The currency has plunged in recent months and even after Thursday's rise was down almost 39 percent against the dollar this year. Investors are mainly concerned about Erdogan's economic policies and an ongoing diplomatic and trade dispute with the United States over the detention of an American pastor on espionage and terror-related charges. Washington imposed sanctions on two government ministers and doubled tariffs on steel and aluminum imports from Turkey.
In a statement Thursday, the central bank noted that the local economy is weakening while inflation is rising. The rate hike could pinch growth more, but independent experts say it's needed to contain inflation of around 18 percent and support the currency.
"The Central Bank will continue to use all available instruments in pursuit of the price stability objective," the central bank's monetary policy committee said in a statement. "Tight stance in monetary policy will be maintained decisively until inflation outlook displays a significant improvement."
Erdogan was re-elected this year as president with vastly expanded powers, and has long been pressuring the bank to keep interest rates low to encourage economic growth. Economic growth slowed to an annual rate of 5.2 percent in the second quarter, from the first quarter's 7.4 percent.
Addressing a meeting of Turkish tradesmen and artisans in Ankara, Erdogan said the central bank is independent and takes its own decisions.
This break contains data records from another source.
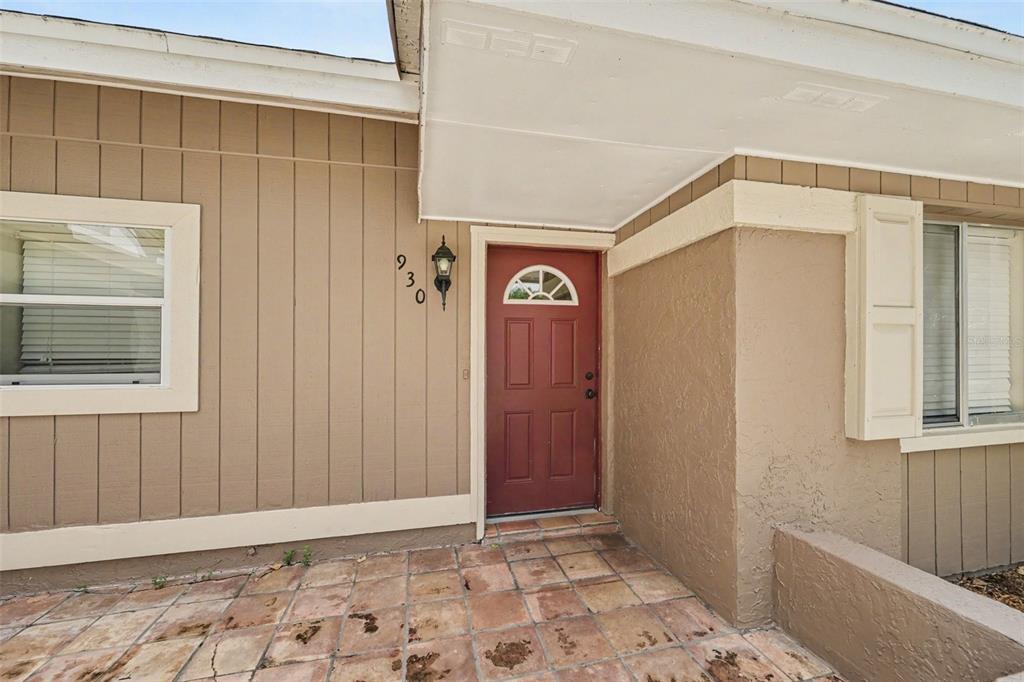 The exterior of a house features a red front door, tan siding, and a tiled porch — 930 OAK FOREST DRIVE, WINTER SPRINGS, FL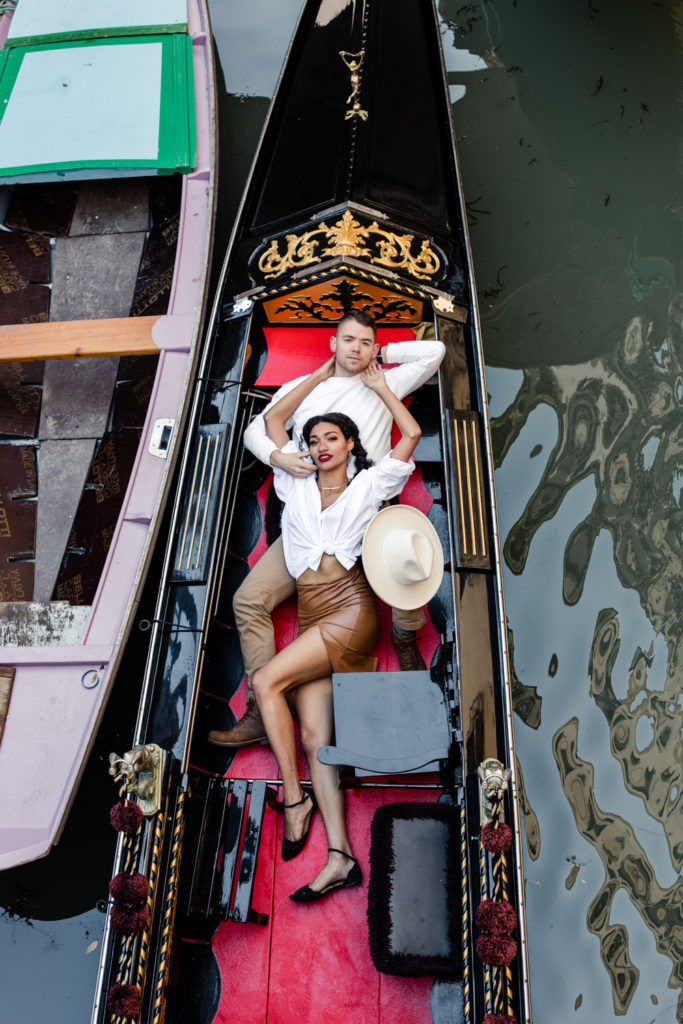 Girl, in brown leather dress and white button down, laying in a gondola with boy, in white shirt, in Venice Italy. Photographed by Charlotte wedding photographer.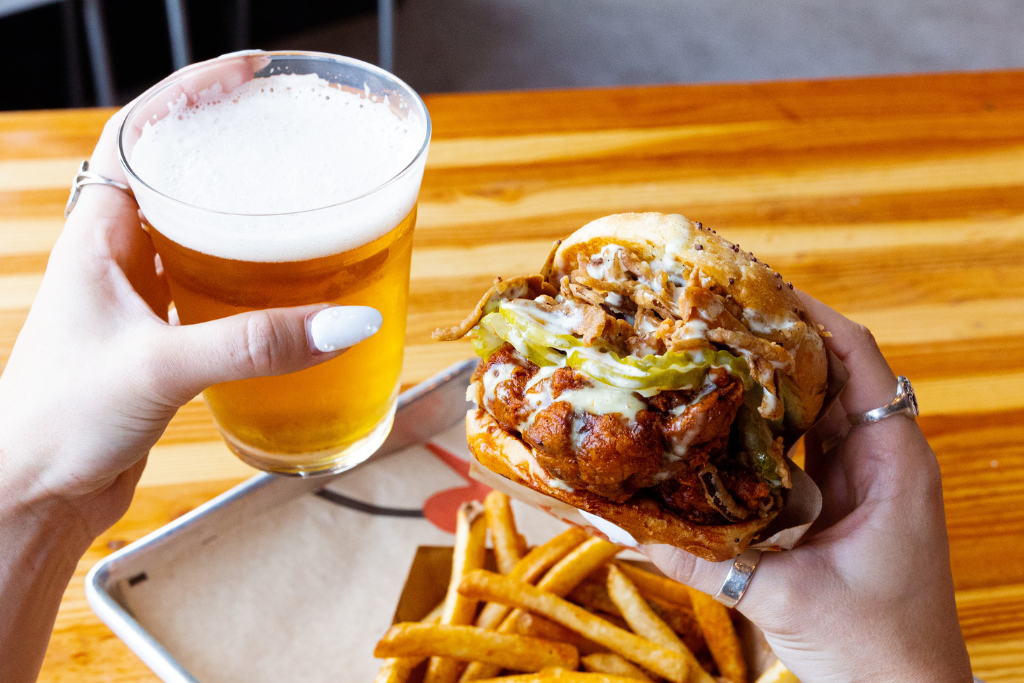 Person holding a beer and sandwich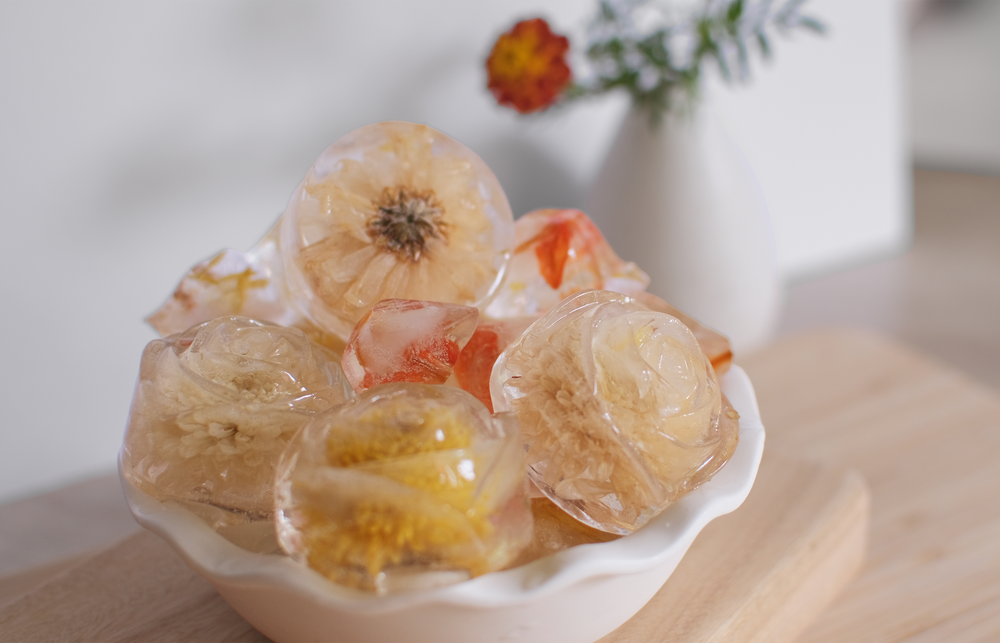 florafo floral ice cubes containing florafo mixed flower tea ball flowers, sitting in a white ceramic bowl on a wooden serving board, perfect for adding to your summer drinks for a refreshing cool and tasty taste.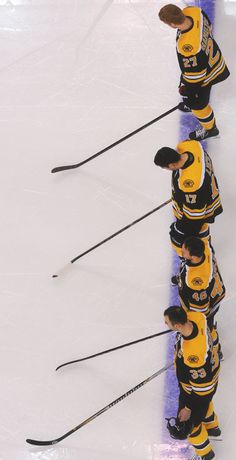 the hockey players are lined up on the ice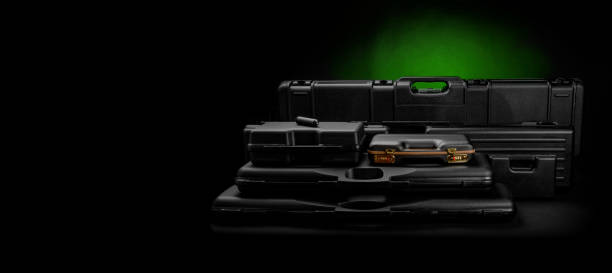 A variety of plastic cases for weapons. Strong containers for storing and transporting weapons against a dark background with a green spot of light.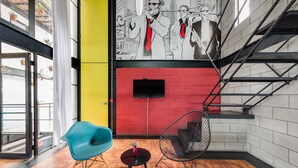 Een modern interieur met een rode bakstenen muur, een muurschildering, een trap en een blauwe stoel.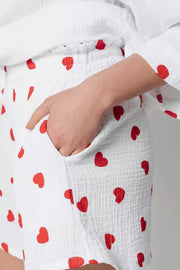 White gauze pajama shorts with red heart print and a pocket detail.
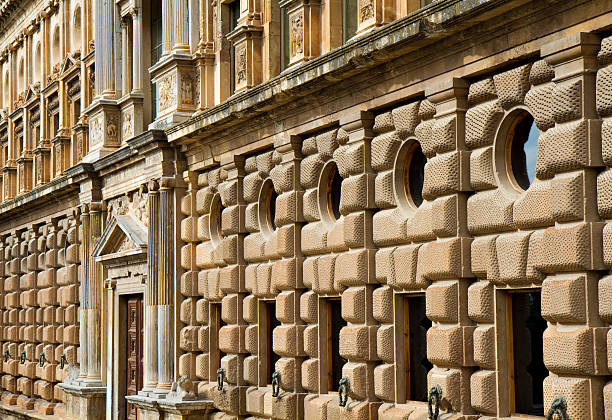 Muslim water fountain and decorated doors in the Alhambra of Granada in Spain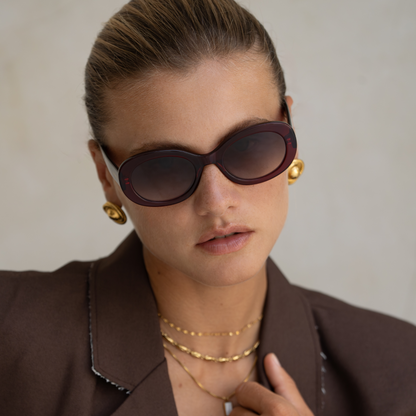 Woman wearing sunglasses, gold earrings, necklaces, and bracelets against a neutral background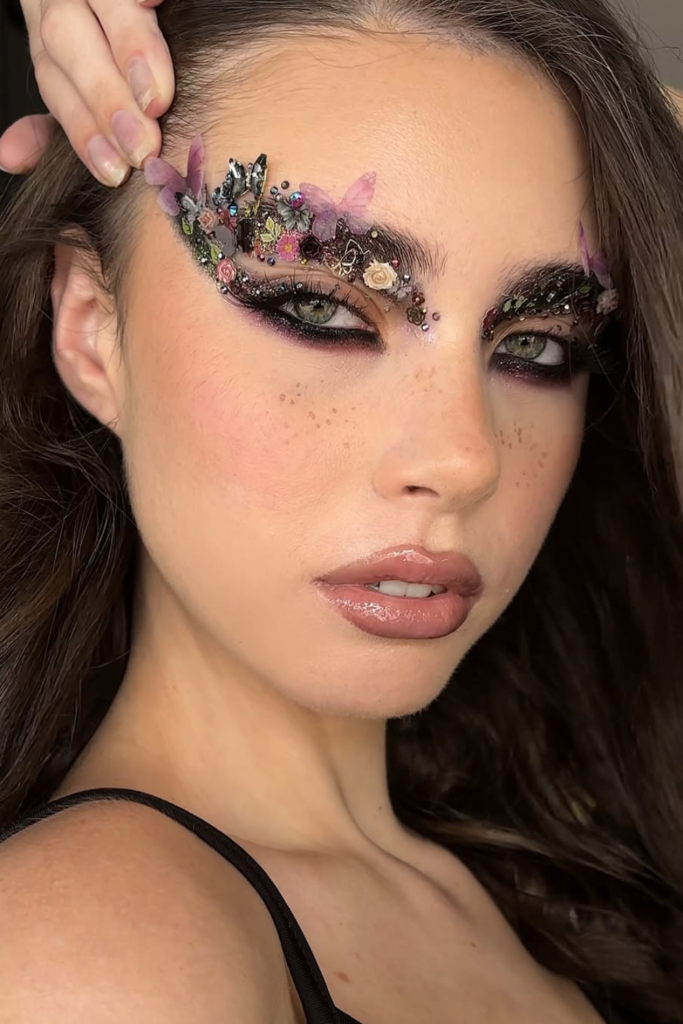 Dark fairycore makeup with earthy shimmer and smoky eyes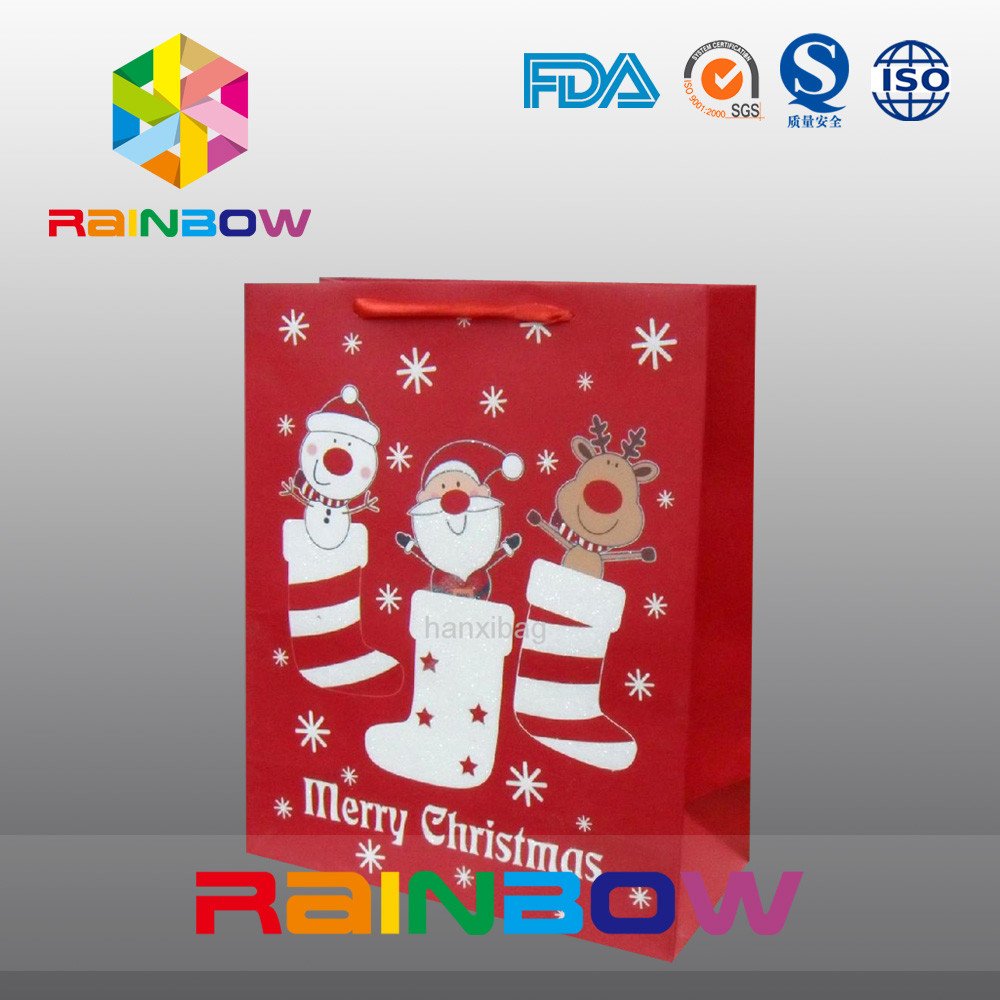 O vermelho personalizou o saco do presente do Natal dos sacos de papel com corda vermelha/bonito impresso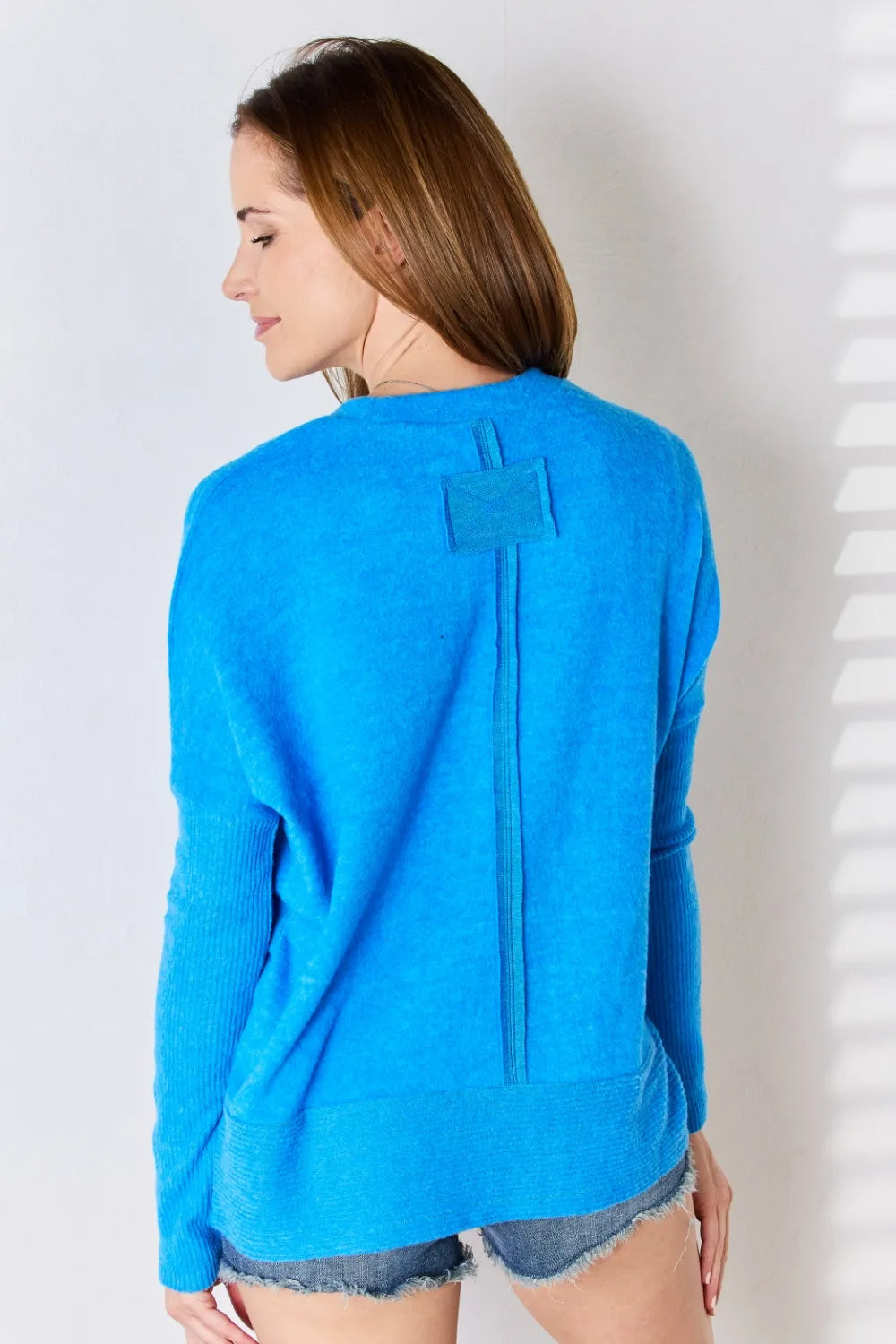 Woman wearing a blue sweater with a pocket on a white background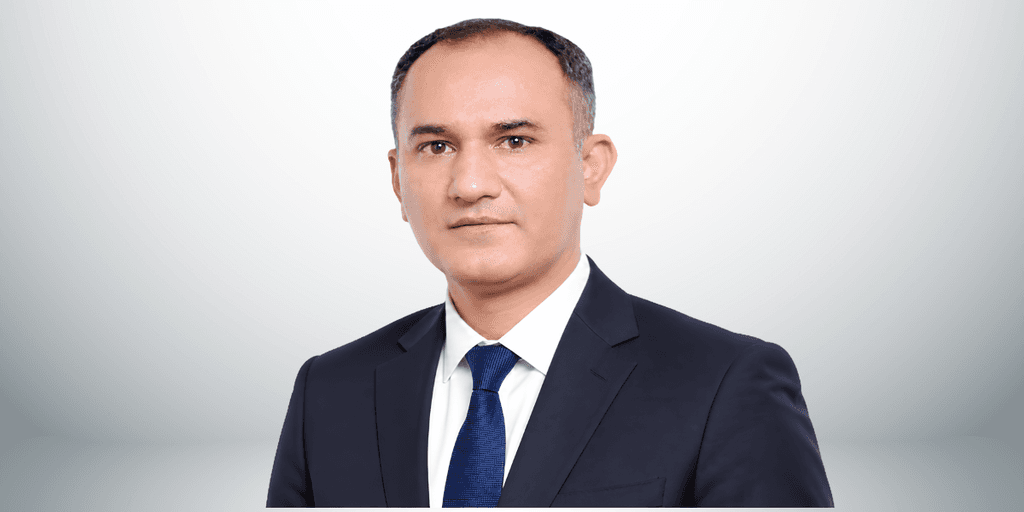 A professional man in a suit with a tie, posing against a neutral background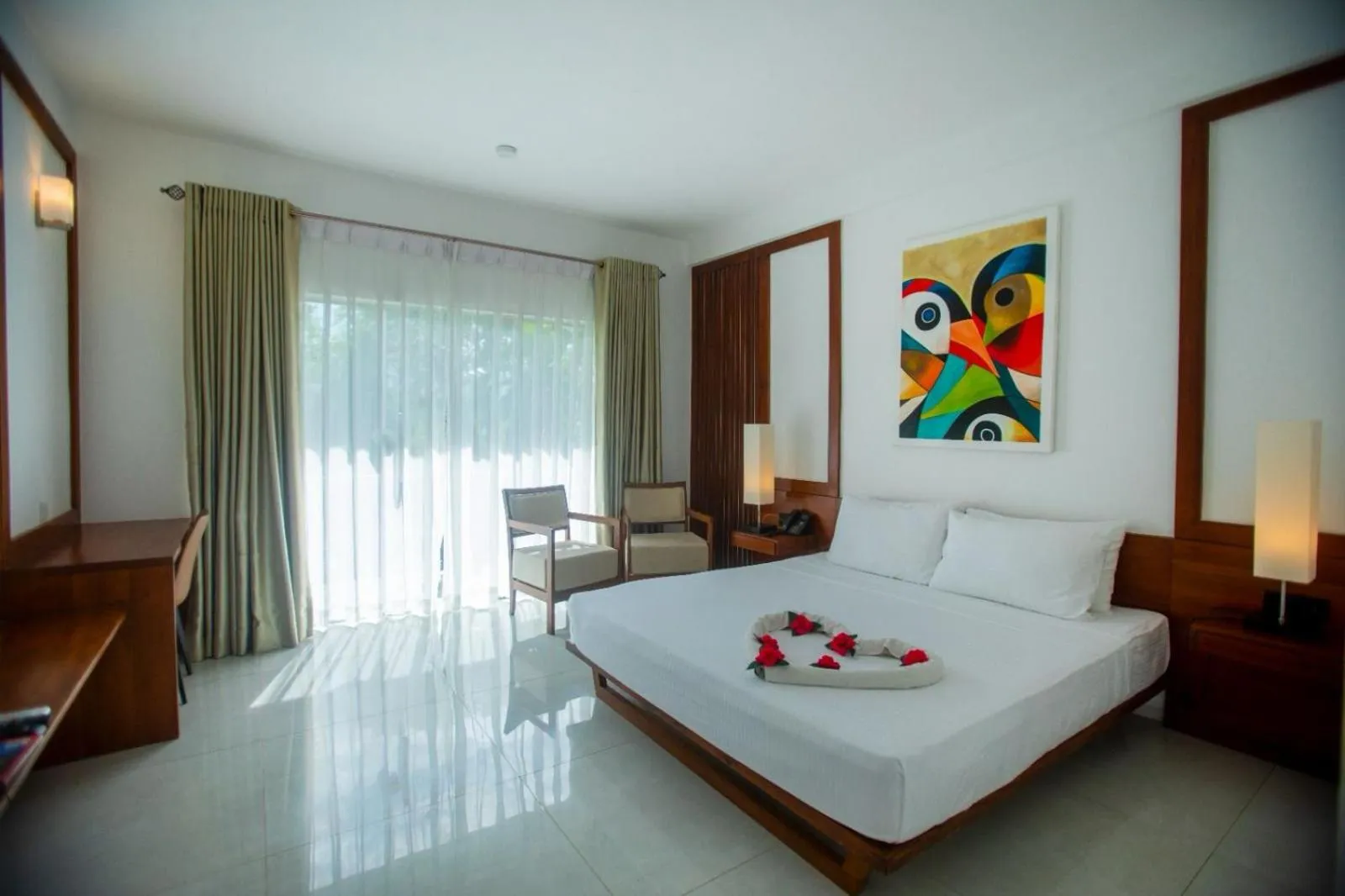 Bed in Tropical Life Resort and Spa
He repeated however, his belief that interest rates should be cut, calling them an "instrument for exploitation."
"My sensitivities concerning interest rates are the same, nothing has changed," Erdogan said. "I'm saying let's cut these high interest rates."
He criticized the central bank, saying it had consistently miscalculated inflation targets and again portrayed the currency crisis as a foreign conspiracy.
In a bid to shore up the Turkish lira, Erdogan's government issued a decree on Thursday banning the use of foreign currency in the sale and renting of property and the leasing of vehicles.
According to the decree, all sales and rental contracts agreed in foreign currency will be converted to Turkish lira.